Enviada em 11/08/2023

Na obra “Utopia”, do escritor Thomas More, é retratada uma sociedade perfeita, padronizada pela ausência de conflitos. No entanto, o que se observa na realidade contemporânea é o oposto disso, uma vez que, em pleno século XXI, a igualdade de gênero ainda não é garantida, apresentando barreiras, que dificultam a concretização dos planos de More. Esse cenário antagônico é fruto tanto da ausência de empenho governamental efetivo, quanto do machismo estrutural. Diante disso, torna-se fundamental a discussão desses aspectos, a fim do pleno funcionamento da sociedade.

Inicialmente, é fulcral pontuar que a desigualdade de gênero deriva da baixa atuação dos setores governamentais, no que concerne a criação de mecanismos que coíbam tais recorrências. Segundo o pensador Thomas Hobbes, o Estado é responsável por garantir o bem-estar da população, entretanto, isso não ocorre no Brasil. Devido à falta de atuação das autoridades, a desigualdade de gênero continua alarmante no país, com um salário feminino 21% menor que o dos homens, segundo o Dieese. Desse modo, faz-se mister a reformulção dessa postura estatal.

Ademais, é imperativo ressaltar o machismo estrutural como promotor do problema.
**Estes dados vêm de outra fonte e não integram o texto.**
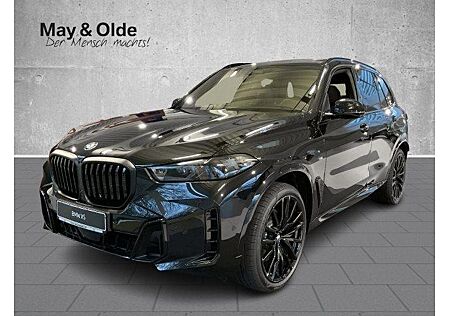 BMW X5 xDrive40d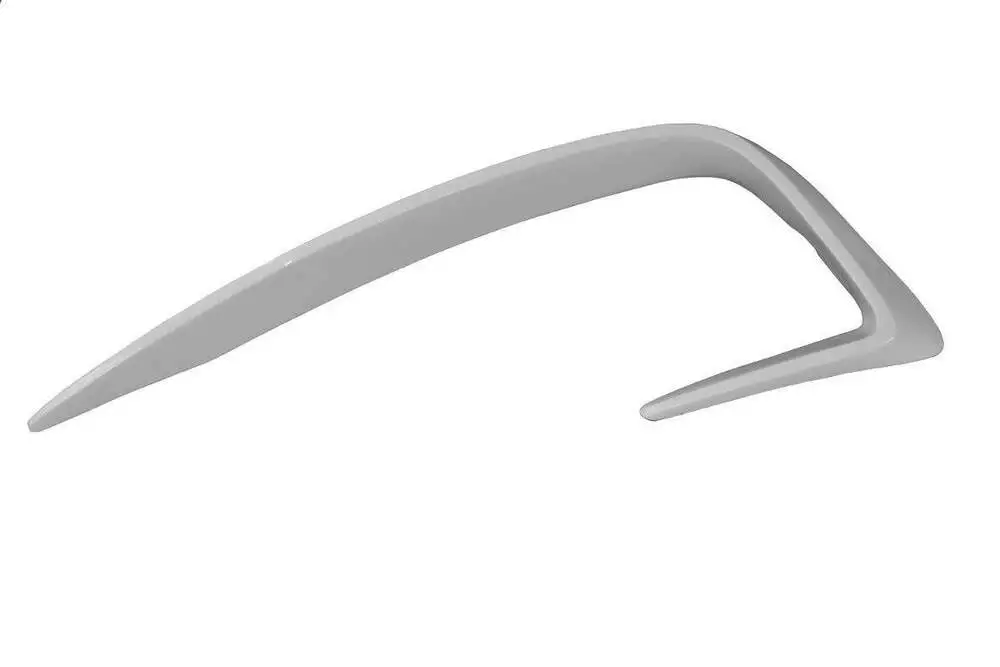 Frames For Lights Audi S6 / A6 S-line C7 - Image 6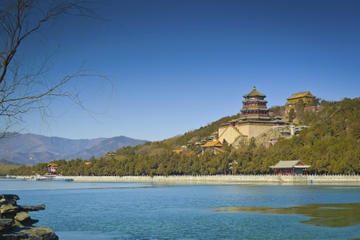 Beijing Classic Full-Day Tour including the Forbidden City, Tiananmen Square, Summer Palace and Temple of Heaven
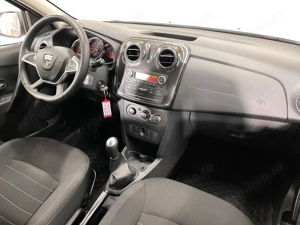 Dacia Logan - imagine 8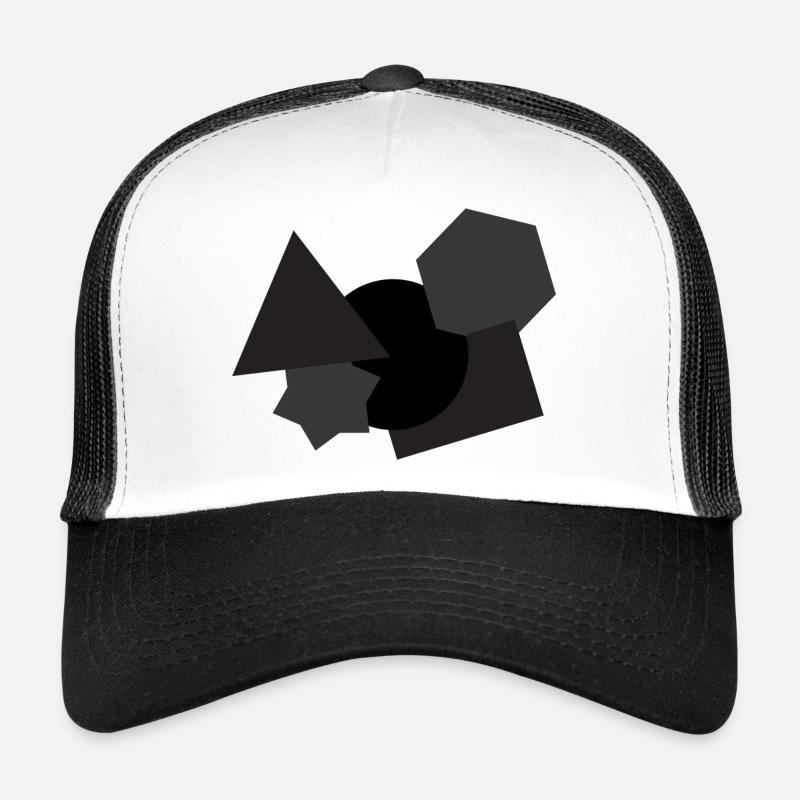 Formen Trucker Cap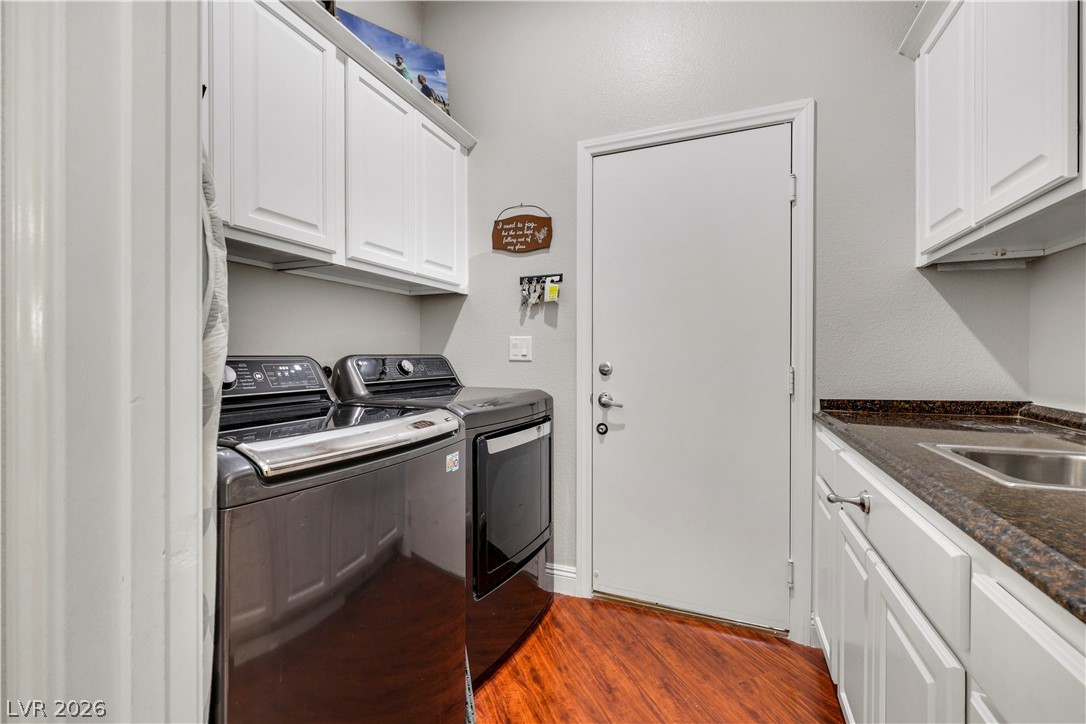 7135 Comanche Canyon Avenue Property Photo 27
De acordo com o PoderData, 83% da população brasileira considera o Brasil um país machista. Partindo desse pressuposto, fica evidente que essa questão está enraizada na sociedade, sendo muito presente desde a colonização, que além da escravidão, também tinha o patriarcado como forte característica, ocasionando a normalização desse comportamento na atualidade. Tudo isso retarda a resolução do empecilho, já que a cultura machista contribui para perpetuação desse quadro deletério.

Assim, é necessário conter o avanço da problemática na sociedade. Dessarte, com o intuito de mitigar a desigualdade de gênero, necessita-se, que o Governo Federal direcione capital, por intermédio do MDH, para a estruturação de campanhas de conscientização em escolas e empresas, mostrando que o gênero não pode interferir na forma de tratamento e na valorização de uma pessoa. Desse modo, o impacto da desigualdade será atenuado, alcançando a Utopia de More.